Start of Block

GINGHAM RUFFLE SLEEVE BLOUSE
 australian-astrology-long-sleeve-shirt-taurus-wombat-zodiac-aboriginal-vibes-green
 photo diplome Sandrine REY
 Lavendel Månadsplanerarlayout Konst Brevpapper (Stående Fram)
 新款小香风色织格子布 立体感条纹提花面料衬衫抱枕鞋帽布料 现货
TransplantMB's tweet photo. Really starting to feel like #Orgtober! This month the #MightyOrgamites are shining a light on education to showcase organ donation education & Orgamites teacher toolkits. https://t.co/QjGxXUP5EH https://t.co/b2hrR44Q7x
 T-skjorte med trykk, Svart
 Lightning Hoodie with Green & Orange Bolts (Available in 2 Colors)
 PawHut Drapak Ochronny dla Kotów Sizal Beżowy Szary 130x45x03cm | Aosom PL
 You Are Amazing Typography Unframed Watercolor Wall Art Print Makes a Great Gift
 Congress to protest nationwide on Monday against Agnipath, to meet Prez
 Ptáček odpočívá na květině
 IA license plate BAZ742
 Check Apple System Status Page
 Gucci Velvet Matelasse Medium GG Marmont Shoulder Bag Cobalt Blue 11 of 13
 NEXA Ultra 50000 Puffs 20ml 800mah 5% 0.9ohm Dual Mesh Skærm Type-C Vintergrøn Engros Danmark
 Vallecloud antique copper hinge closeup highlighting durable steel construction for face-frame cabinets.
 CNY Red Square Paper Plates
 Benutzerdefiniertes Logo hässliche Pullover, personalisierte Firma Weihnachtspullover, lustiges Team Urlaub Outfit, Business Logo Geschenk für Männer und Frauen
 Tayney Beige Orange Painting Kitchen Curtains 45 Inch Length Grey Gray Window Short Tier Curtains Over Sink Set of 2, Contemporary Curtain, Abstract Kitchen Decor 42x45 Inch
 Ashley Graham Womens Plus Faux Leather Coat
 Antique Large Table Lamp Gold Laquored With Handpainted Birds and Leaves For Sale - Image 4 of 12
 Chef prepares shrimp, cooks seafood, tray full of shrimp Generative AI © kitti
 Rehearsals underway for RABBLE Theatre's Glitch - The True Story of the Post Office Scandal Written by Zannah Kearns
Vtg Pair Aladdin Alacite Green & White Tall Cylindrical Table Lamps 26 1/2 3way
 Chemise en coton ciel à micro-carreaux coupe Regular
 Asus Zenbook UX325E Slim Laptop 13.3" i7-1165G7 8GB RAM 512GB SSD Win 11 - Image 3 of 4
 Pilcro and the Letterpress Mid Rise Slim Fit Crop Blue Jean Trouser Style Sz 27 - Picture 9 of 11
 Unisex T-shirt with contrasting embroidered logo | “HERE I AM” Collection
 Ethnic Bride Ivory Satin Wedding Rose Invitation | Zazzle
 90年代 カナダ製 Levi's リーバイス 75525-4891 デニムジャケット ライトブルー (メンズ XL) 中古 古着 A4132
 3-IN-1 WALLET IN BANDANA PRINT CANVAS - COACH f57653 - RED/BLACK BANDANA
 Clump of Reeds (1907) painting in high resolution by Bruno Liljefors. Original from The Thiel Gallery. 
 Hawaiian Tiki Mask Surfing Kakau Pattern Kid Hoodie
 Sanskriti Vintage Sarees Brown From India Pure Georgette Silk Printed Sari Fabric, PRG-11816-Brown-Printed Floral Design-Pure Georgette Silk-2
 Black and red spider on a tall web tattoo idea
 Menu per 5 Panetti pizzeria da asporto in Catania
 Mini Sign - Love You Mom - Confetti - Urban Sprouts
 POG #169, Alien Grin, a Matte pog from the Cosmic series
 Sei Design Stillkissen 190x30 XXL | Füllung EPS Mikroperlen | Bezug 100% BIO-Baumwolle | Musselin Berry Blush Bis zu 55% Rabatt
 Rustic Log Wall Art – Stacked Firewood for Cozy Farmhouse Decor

End of Block

ACTION ITEM. For every line of the records that has the word "Slim" in it, make a copy.

PROBLEM SOLUTION.
 Asus Zenbook UX325E Slim Laptop 13.3" i7-1165G7 8GB RAM 512GB SSD Win 11 - Image 3 of 4
 Pilcro and the Letterpress Mid Rise Slim Fit Crop Blue Jean Trouser Style Sz 27 - Picture 9 of 11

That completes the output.